— PROVIDED RECORDS —

== Segment start ==

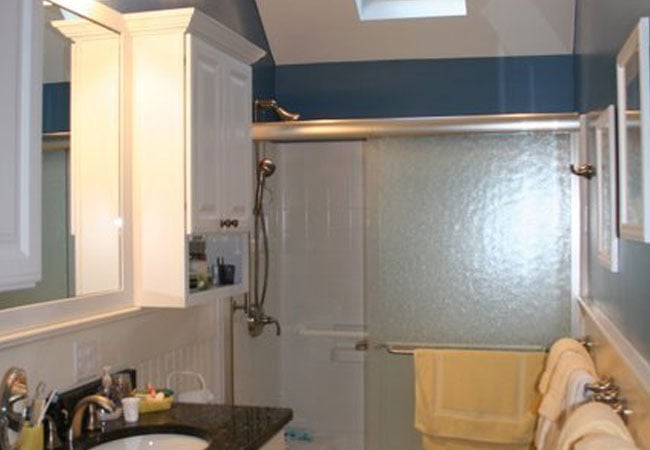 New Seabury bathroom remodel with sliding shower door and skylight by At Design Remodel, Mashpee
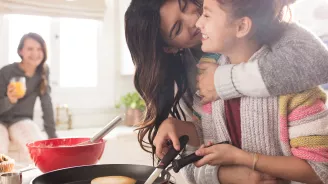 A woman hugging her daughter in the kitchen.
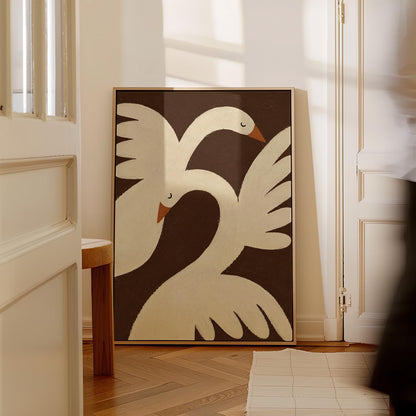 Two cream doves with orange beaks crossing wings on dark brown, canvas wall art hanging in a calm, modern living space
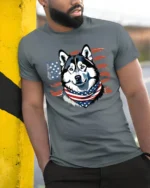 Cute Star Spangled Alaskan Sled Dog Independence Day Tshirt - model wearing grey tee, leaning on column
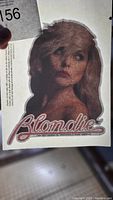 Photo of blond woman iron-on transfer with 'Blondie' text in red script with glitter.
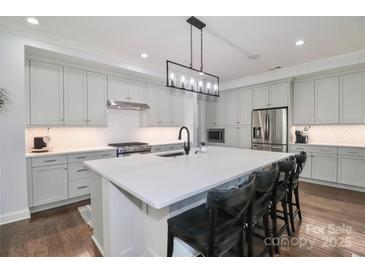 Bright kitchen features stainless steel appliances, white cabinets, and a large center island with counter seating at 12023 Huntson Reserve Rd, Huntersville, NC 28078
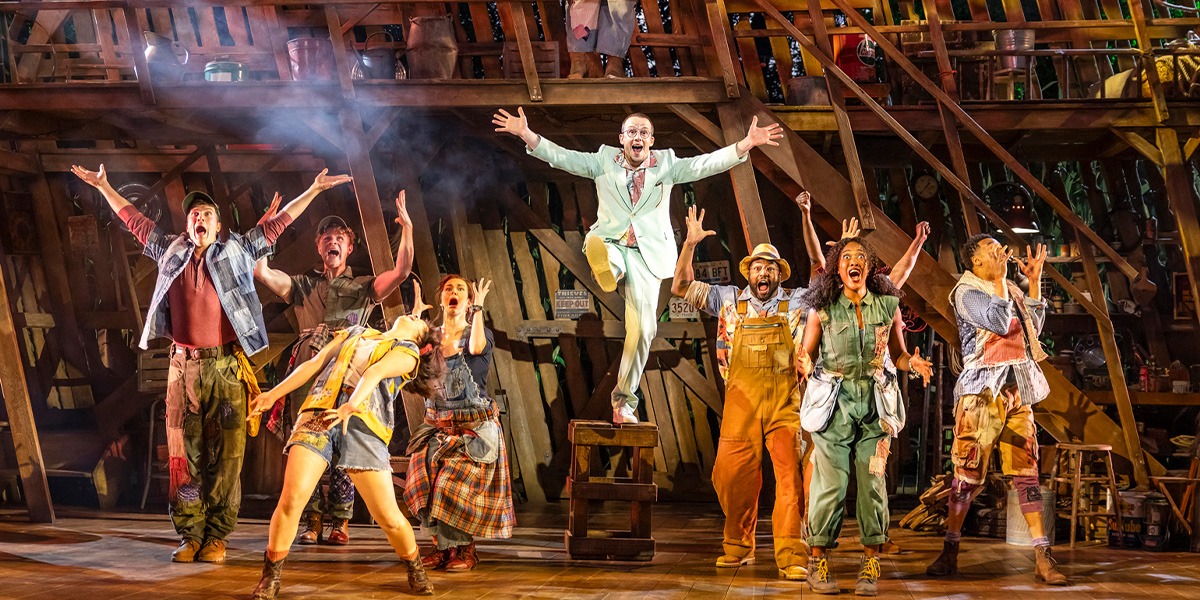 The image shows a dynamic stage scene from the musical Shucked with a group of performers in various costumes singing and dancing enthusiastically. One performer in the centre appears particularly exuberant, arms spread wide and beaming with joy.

== Segment end ==

— ASSIGNMENT —
Can you quote exactly, and only, the lines from the one containing "Two cream doves" through the last line of the records above, keeping both ends and leaving out any pictures?

— OUTPUT OF THE EXERCISE —
 Two cream doves with orange beaks crossing wings on dark brown, canvas wall art hanging in a calm, modern living space
 Cute Star Spangled Alaskan Sled Dog Independence Day Tshirt - model wearing grey tee, leaning on column
 Photo of blond woman iron-on transfer with 'Blondie' text in red script with glitter.
 Bright kitchen features stainless steel appliances, white cabinets, and a large center island with counter seating at 12023 Huntson Reserve Rd, Huntersville, NC 28078
 The image shows a dynamic stage scene from the musical Shucked with a group of performers in various costumes singing and dancing enthusiastically. One performer in the centre appears particularly exuberant, arms spread wide and beaming with joy.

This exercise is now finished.